Fornecedores não fazem a alegação desaparecer
Andrew Folks, da Frankfurt Kurnit, apresentou os acordos da FTC sobre “Active Listening” como lições sobre marketing de IA, consentimento e responsabilidade de fornecedores. Essa é a parte que muitos revendedores e agências de IA deveriam sublinhar em uma cor que assuste o financeiro. Uma relação com fornecedor pode explicar como o produto foi montado, mas não corrige automaticamente uma alegação enganosa feita aos clientes. O cliente ouviu a promessa de alguém, e reguladores não são famosos por admirar organogramas.
O relato do All About Advertising Law é útil porque mostra como a promessa foi embalada: uma ferramenta de IA, conversas em tempo real por dispositivos inteligentes, identificação de intenção de compra e segmentação de anúncios locais. Traduza isso para o trabalho contratual. Um contrato de revenda para uma ferramenta de marketing com IA deve exigir descrições precisas de capacidades, fontes de dados documentadas, declarações sobre consentimento e um processo para aprovar alegações voltadas ao cliente. Isso não é mobília jurídica decorativa. É assim que uma empresa evita descobrir, durante uma investigação, que ninguém era dono da frase que vendeu o produto.
O que as equipes devem mudar antes do lançamento, segundo
a Sigma Law Group A Sigma Law Group descreveu o acordo de US$ 930.000 da Cox Media Group como algo que coloca alegações enganosas de marketing de IA na mira da Seção 5 da FTC. A Seção 5 não é uma lei de IA, e é exatamente por isso que isso importa. A FTC não precisa que o Congresso defina toda arquitetura de modelo antes de poder perguntar se uma alegação publicitária era verdadeira. Ferramentas antigas ainda cortam.
A mudança operacional é modesta, mas incômoda, que é como o compliance costuma chegar. Antes do lançamento, mantenha um registro de alegações que vincule cada alegação de capacidade de IA a evidências do produto, um mapa de dados que diga quais entradas são realmente usadas, uma posição de consentimento que corresponda ao fluxo de dados e documentação de fornecedores que espelhe a história pública. O jurídico não deve ser a última parada depois que a campanha já está polida. Se seus advogados dizem que recebem bem a clareza dos reguladores, leia isso como um pedido por capturas de tela, notas do modelo e o contrato atual com o fornecedor.

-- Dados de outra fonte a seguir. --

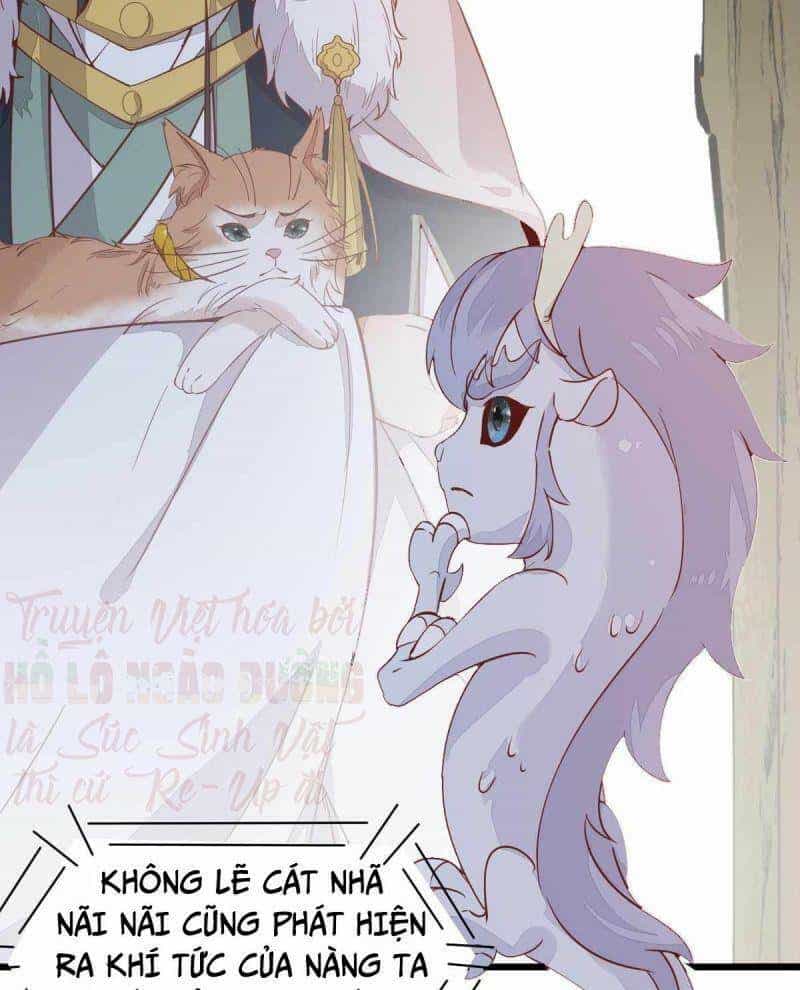 Sát Thủ Vương Phi Không Dễ Chọc - Chương 58 - ảnh 17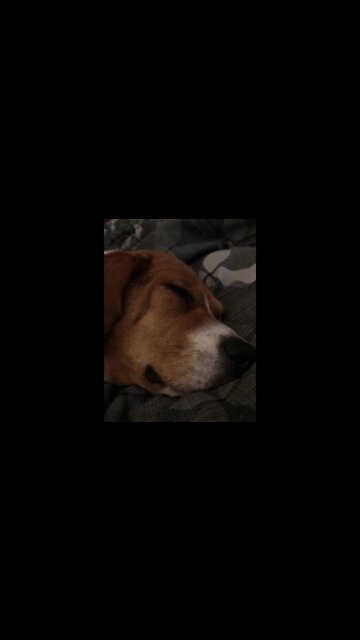 Sleeping Dog: The Adventures of Banchee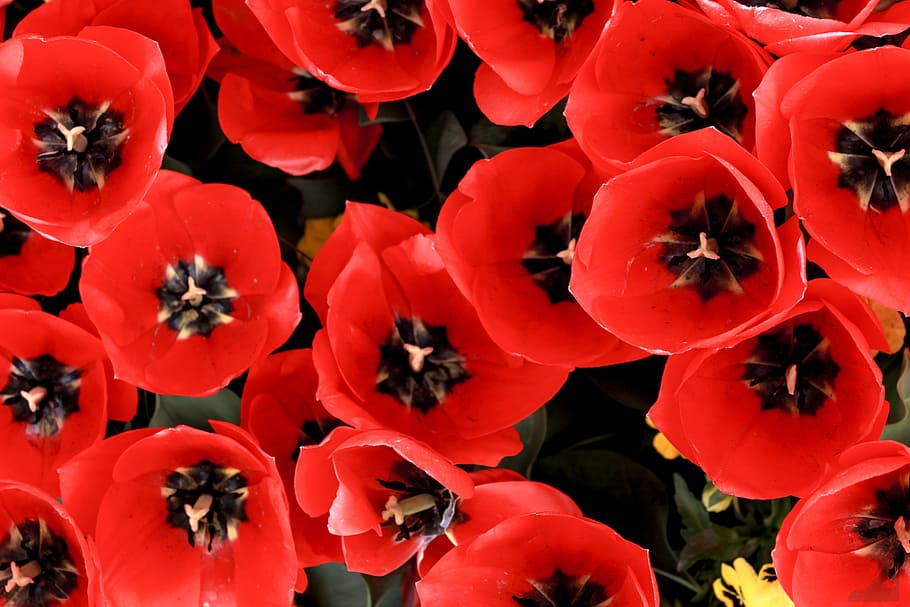 Flower, Wallpaper, Pattern, Plant, red, nature, blossom, bloom HD wallpaper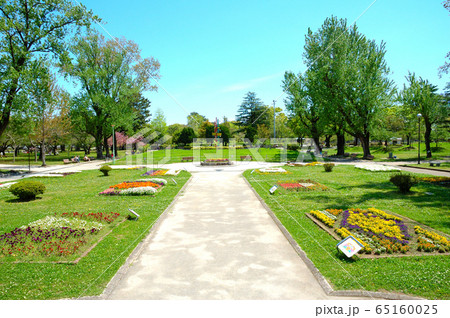 駿府城公園の風景 65160025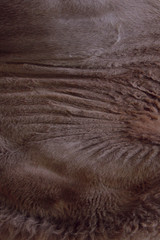 Blurred animals texture. Wildlife, Animals, Textures Concept. Cropped Shot Of Brown Camel Fur. Brown Fur Close Up. Fur Texture. Abstract Animals Background Textures.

Os próximos casos não envolverão todos alto-falantes inteligentes ou segmentação de anúncios. Eles envolverão o mesmo padrão: um produto descrito como mais inteligente, mais invasivo ou mais preciso do que as evidências sustentam. Para quem constrói produtos, a tarefa não é parar de descrever sistemas de IA. É descrevê-los de um jeito que a equipe de produto, a equipe de dados e o arquivo contratual consigam sustentar.